* [Task directions] I'd like the listing below copied exactly, with the images left out.

* [Data segment]
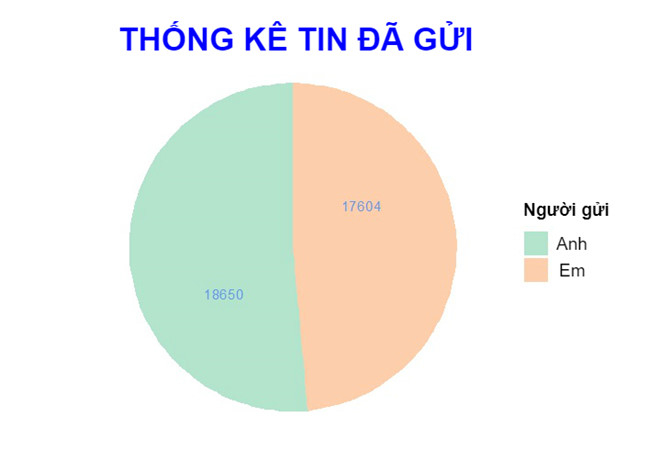 Cô gái làm bảng thống kê tin nhắn với người yêu chi tiết đến từng chữ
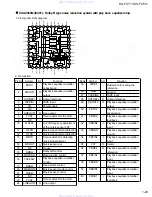 Предварительный просмотр 23 страницы JVC KS-FX511 Service Manual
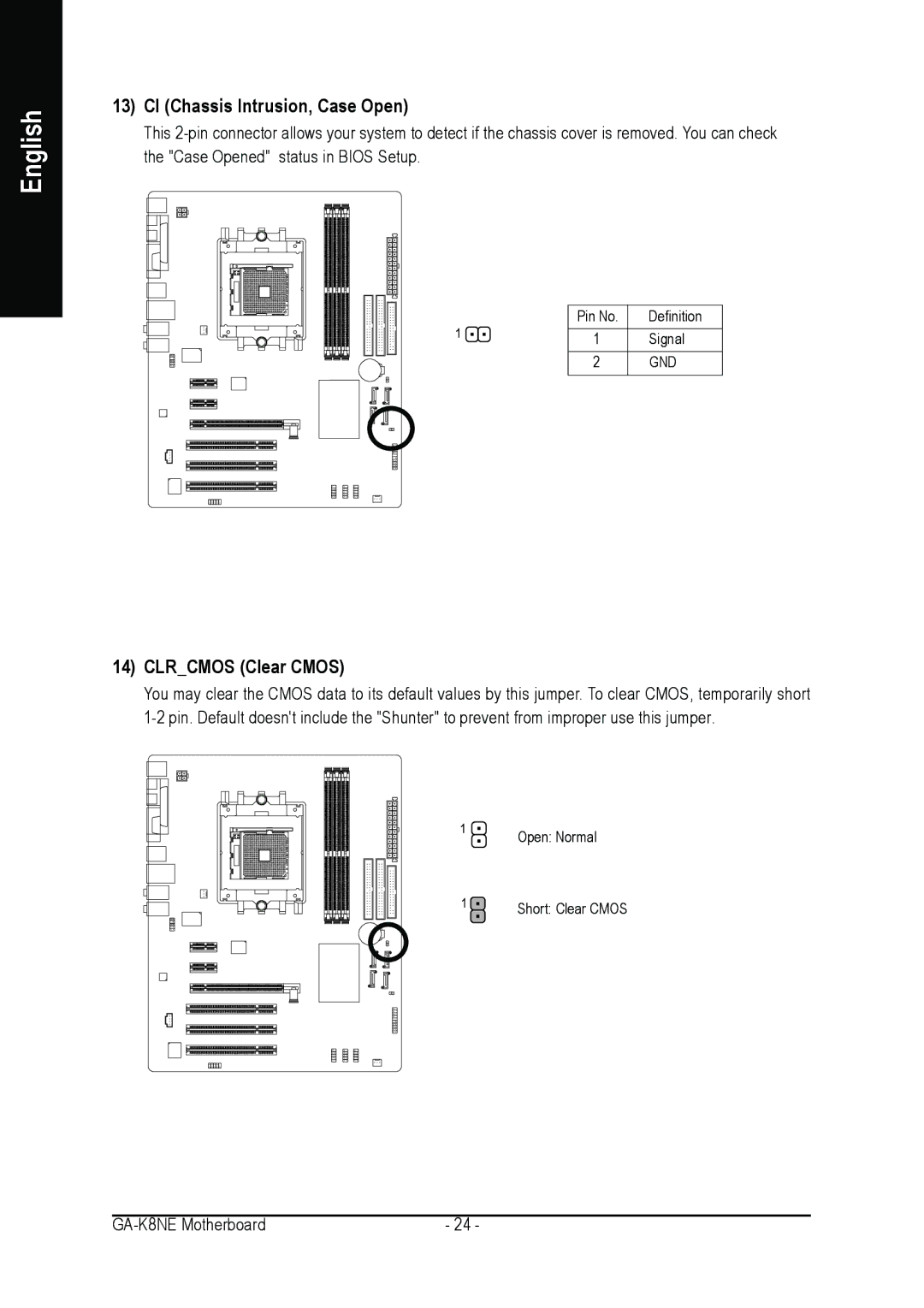 Gigabyte GA-K8NE user manual CI Chassis Intrusion, Case Open, Clrcmos Clear Cmos 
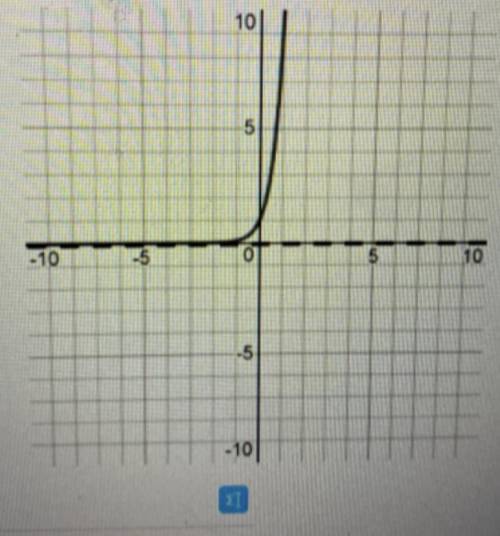 Please help find the parent function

* [Final answer]
 Cô gái làm bảng thống kê tin nhắn với người yêu chi tiết đến từng chữ
 Предварительный просмотр 23 страницы JVC KS-FX511 Service Manual
 Gigabyte GA-K8NE user manual CI Chassis Intrusion, Case Open, Clrcmos Clear Cmos 
 Please help find the parent function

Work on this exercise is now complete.